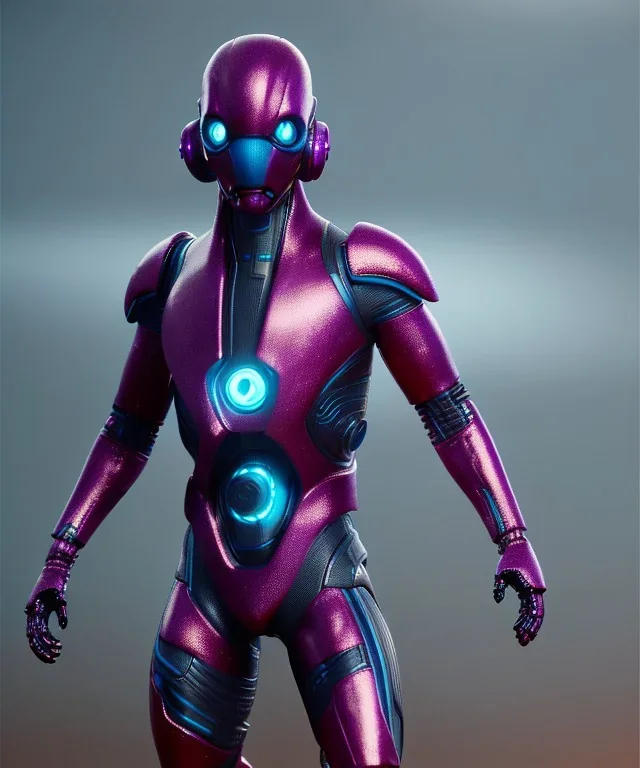 cyber ninja, colorful metal armor, futuristic, ghostrunner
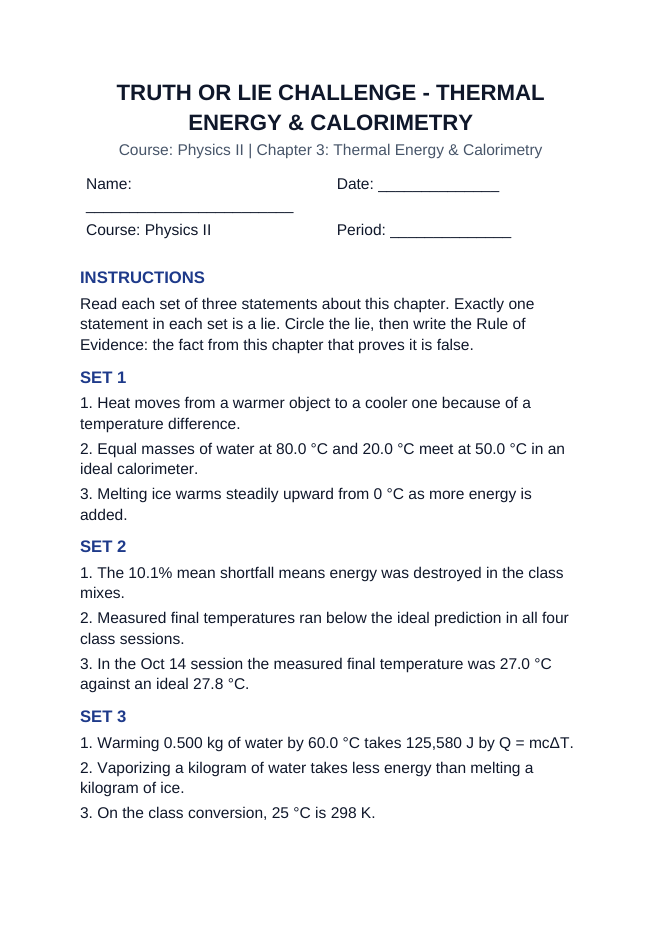 Thermal Energy & Calorimetry Truth or Lie Challenge sample page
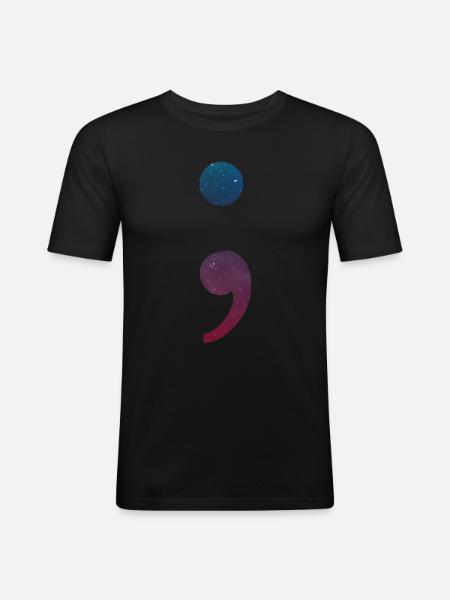 Santé mentale Dépression Point-virgule - T-shirt près du corps Homme - noir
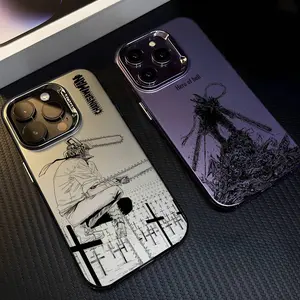 C-Chainsaw ManS Denji MAKIMA Phone Case For IPhone 17 16 15 14 13 12 11 Pro Max Air Samsung S21 S22 S23 S24 S25 Multicolor Matte Laser Metallic Aurora Funda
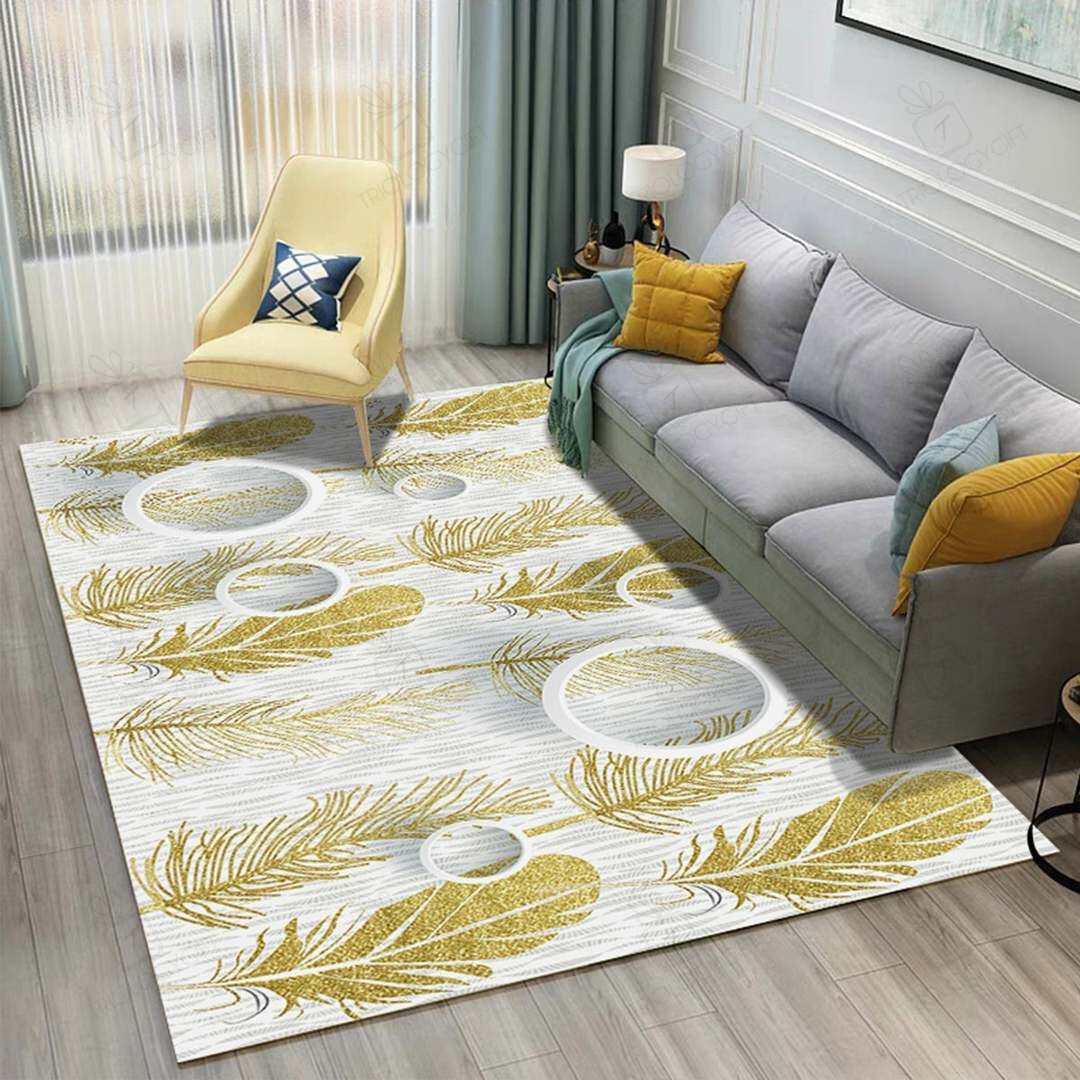 Feather Pattern Rectangle Rug Decor Area Rugs For Living Room Bedroom Kitchen Rugs Home Carpet Flooring TTG013389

..............................

_TASK TO CARRY OUT_
Excluding the pictures, output every entry above without alteration.

_TASK RESULT_
 cyber ninja, colorful metal armor, futuristic, ghostrunner
 Thermal Energy & Calorimetry Truth or Lie Challenge sample page
 Santé mentale Dépression Point-virgule - T-shirt près du corps Homme - noir
 C-Chainsaw ManS Denji MAKIMA Phone Case For IPhone 17 16 15 14 13 12 11 Pro Max Air Samsung S21 S22 S23 S24 S25 Multicolor Matte Laser Metallic Aurora Funda
 Feather Pattern Rectangle Rug Decor Area Rugs For Living Room Bedroom Kitchen Rugs Home Carpet Flooring TTG013389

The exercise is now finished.